As with all house music, it began with disco. By the late 1970s, disco music had developed into a definable genre, and the 1977 movie Saturday Night Fever shot disco into the public spotlight. The fundamentals of house music today can be traced back to legendary nightclubs such as The Paradise Garage and Studio 54, where disco’s short lived notoriety really took off. As disco eventually found itself demoted to smaller venues, the likes of Frankie Knuckles were developing something new. Although Frankie stayed close to disco’s roots, other DJs were pushing a sound influenced by alternative genres: reggae, euro pop, hip hop, new wave, etc.
House music became an underground revolution, and as it began to move away from focusing on songs for radio play, the tracks got longer, the basslines more inventive, and the parties more vibrant. With the advent of drum machines in the 1980s, house music began to take form.

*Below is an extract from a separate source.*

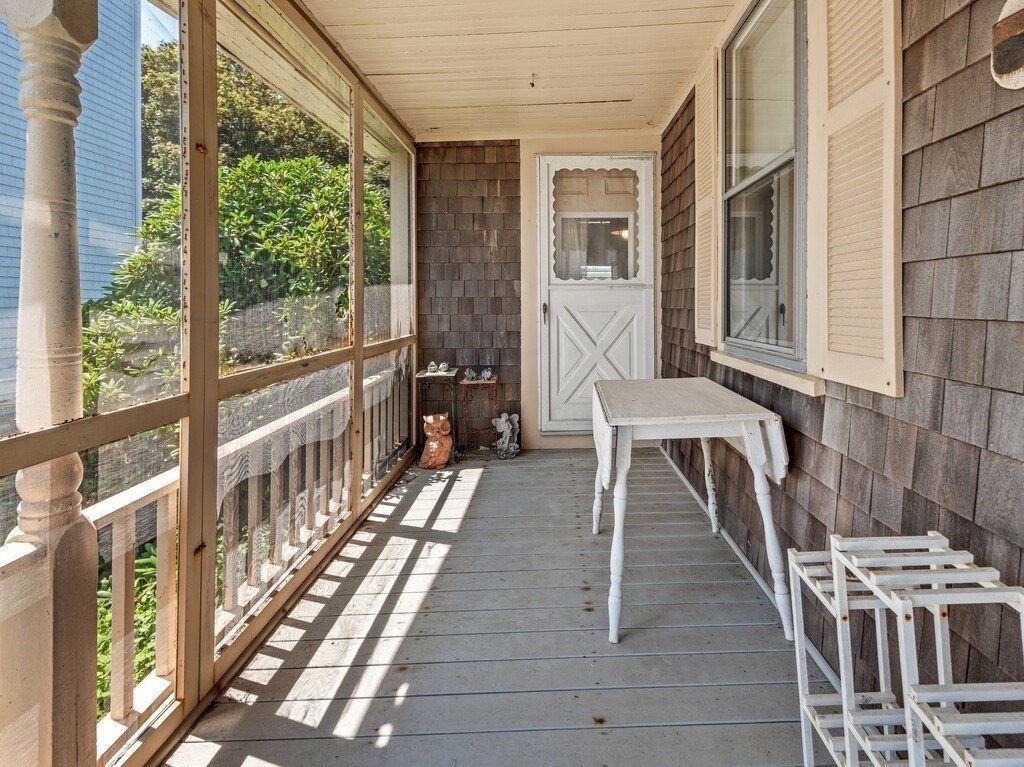 2 Collier Road Scituate, MA 02066 - Photo 8 of 41 a view of a balcony with chairs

Over in France, during the 1970s there was what is commonly referred to as Euro disco, which was essentially any disco music that didn’t come from the UK or the US. Acts such as Abba were at the forefront of this genre. After a short stint as space disco and the disco backlash in 1979, the term "Euro disco" disappeared altogether and was replaced by just "disco". Throughout the 1980s, disco was a major musical force in France, dominating the radio waves and the clubs. This, along with the influence of P-funk, paved the way for French house music, but it wasn’t until Thomas Bangalter came along that things really began to move.
Thomas Bangalter and Guy-Manuel de Homem-Christo met in 1987, and after a brief fling with indie rock, they started to study the graces of drum machines and formed Daft Punk. 1995’s ‘Da Funk’ (a classic, still played to this day) led to an album deal with Virgin and the release of Homework in 1997. The album is widely regarded as one of the most influential works of electronic music to come out of the 1990s. Daft Punk proved to French people (and the French music industry and media) that dance music was there to stay, and it could be successful. The album’s success was a huge surprise and demonstrative of the fact that electronic music had a broad fan base, transcending boundaries.
To see who influenced Daft Punk’s music, all you have to do is listen to the track ‘Teachers’ from Homework. It lists artists and DJs who Daft Punk learnt something from, taking their sounds and making them into something new: DJ Sneak, DJ Rush, Waxmaster, Hyperactive, Jammin Gerald, Brian Wilson, and the list goes on.